Más grave aún, proponía serrar los capiteles historiados de las columnas para recogerlos en un museo, como si fuera posible amputar el alma de un cuerpo y esperar que ambos sobrevivieran. Una voz anónima protestó mediante un folleto impreso en Coimbra, pero poquísimos periódicos acudieron al llamado. El claustro, ya entonces "espantosamente desplomado de la perpendicularidad de sus columnas", aguardaba apenas el más leve de los pretextos para desmoronarse por completo.
La descripción que Ramalho nos legó constituye una de las páginas más conmovedoras de "El Culto del Arte en Portugal". El escritor captó con rara sensibilidad aquel momento de transición del románico al gótico, visible en los capiteles cúbicos que narran en deliciosas figuritas los episodios de la vida de Cristo y de la Virgen – la Anunciación, el Sueño de Nuestra Señora, la Adoración de los Reyes Magos, la Huida a Egipto. Observó que, por primera vez en las representaciones de este período, Cristo aparece flagelado por la corona de espinas y con los pies superpuestos, fijados por un solo clavo. Pero es sobre todo la armonía del conjunto lo que le fascina: la dimensión "recogida" del recinto, amoldada al paso ligero de las monjas; el estilóbato revestido de azulejos de la época, ajedrezados en verde y blanco; la pequeña altura de los fustes, proporcionados a la estatura de una novicia que podría "desde el suelo acariciar las imágenes de los capiteles con una flor de azucena". Ramalho compara el claustro con una fuente murmuradora que no canta al sol en tazas de pórfido suspendidas por náyades, sino que brota de la roca viva, "pura como la nieve y prístina, escondida entre peñascos", como los manantiales de las montañas portuguesas "engalanados con violetas en flor".

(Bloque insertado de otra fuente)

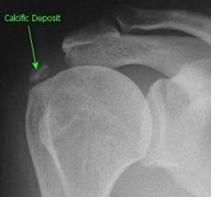 Calcific Deposit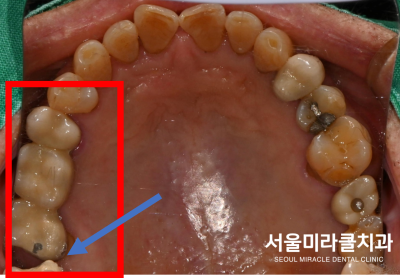 반복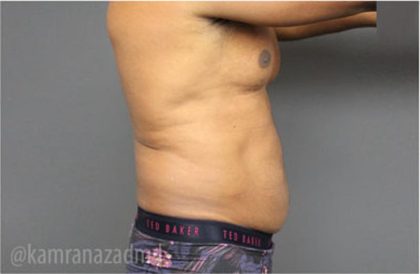 Male Liposuction Before & After Patient #2924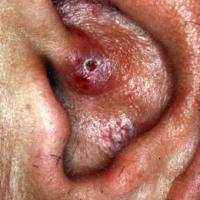 
	Angiolymphoid hyperplasia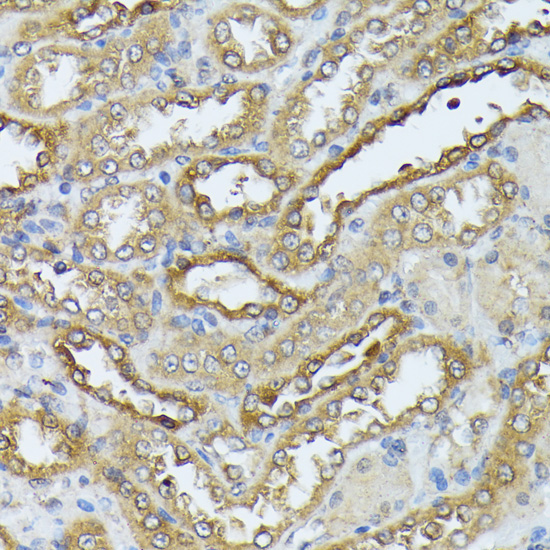 DAPK3 Rabbit Polyclonal Antibody - Image 2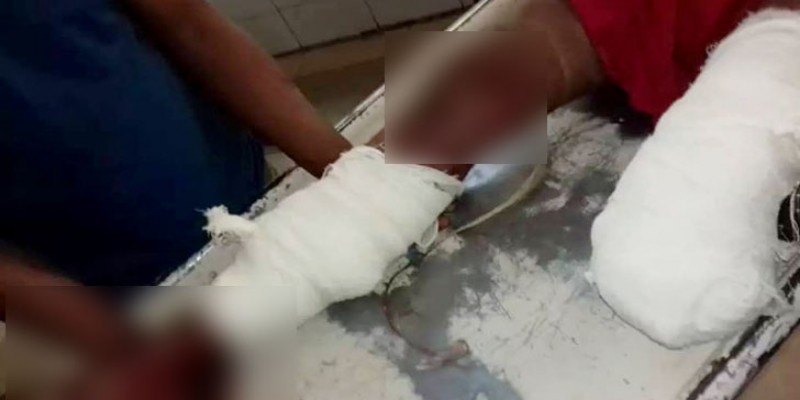 সিংড়ায় উপজেলা আঃ লীগ নেতার বাম পা কেটে নিল প্রতিপক্ষরা।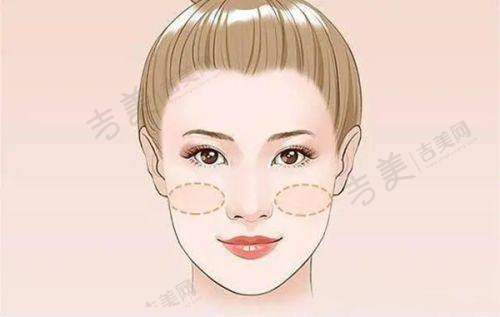 吕方中医生修复双眼皮口碑好，医院提供了哪些支持？
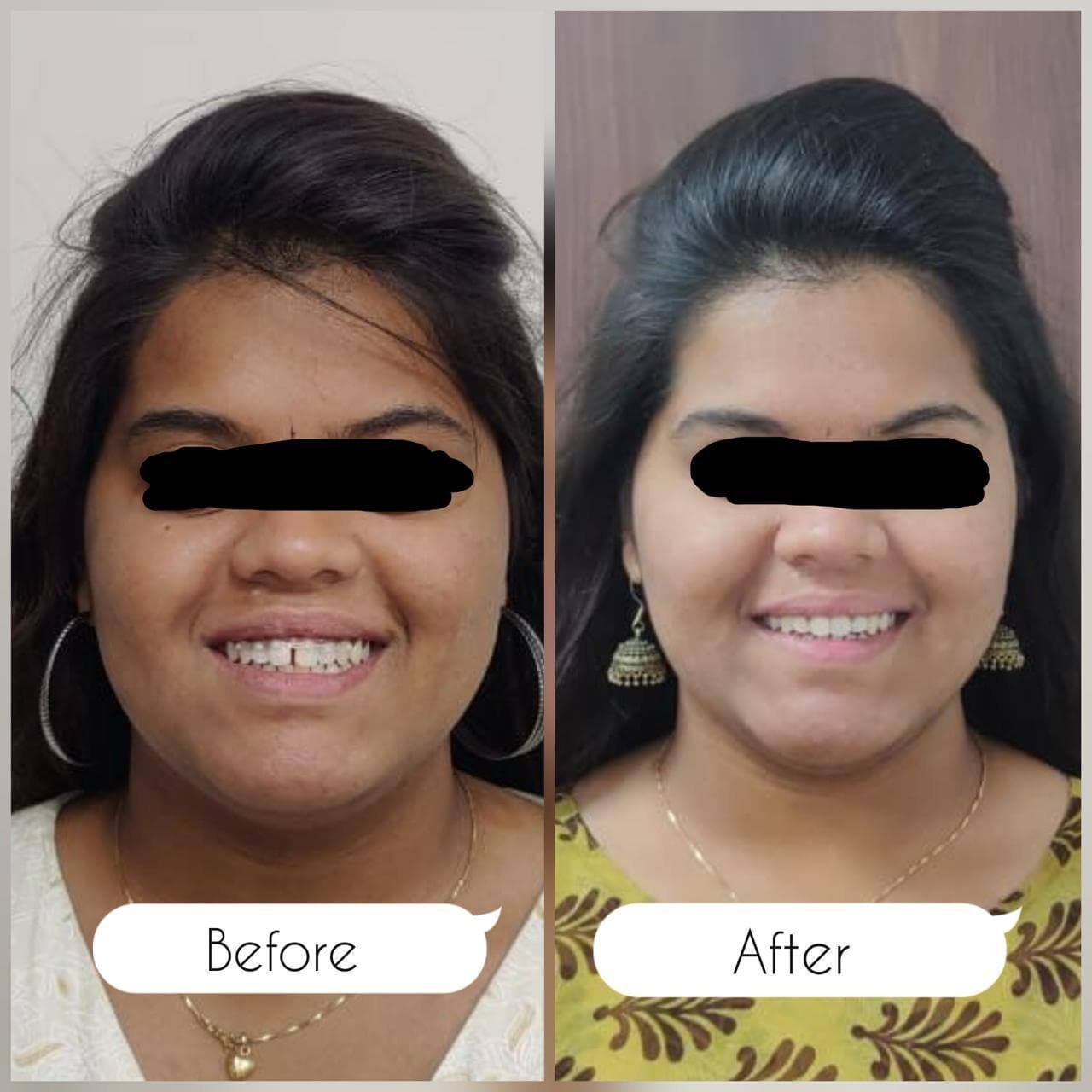 vasan-dental-care-gallery (8)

Hoy, el visitante que atraviesa el Largo de Celas encuentra un monumento que sobrevivió a las amenazas decimonónicas, aunque transformado por el tiempo y las sucesivas funciones – asilo, sanatorio, hospital pediátrico hasta 2011. En las dos galerías medievales subsisten los capiteles que Ramalho describió con tanto fervor, testimonios de ese "candor virginal" de un artista que entraba "con toda la frescura intacta del sentimiento en la sinceridad de un arte nuevo". Conviene observarlos con la misma atención que el escritor dedicó a cada detalle, buscando en ellos no sólo la maestría técnica, sino esa cualidad "inefablemente pura, toda de intimidad y de religión" que hace de Celas uno de los más raros ejemplos de la sensibilidad gótica portuguesa.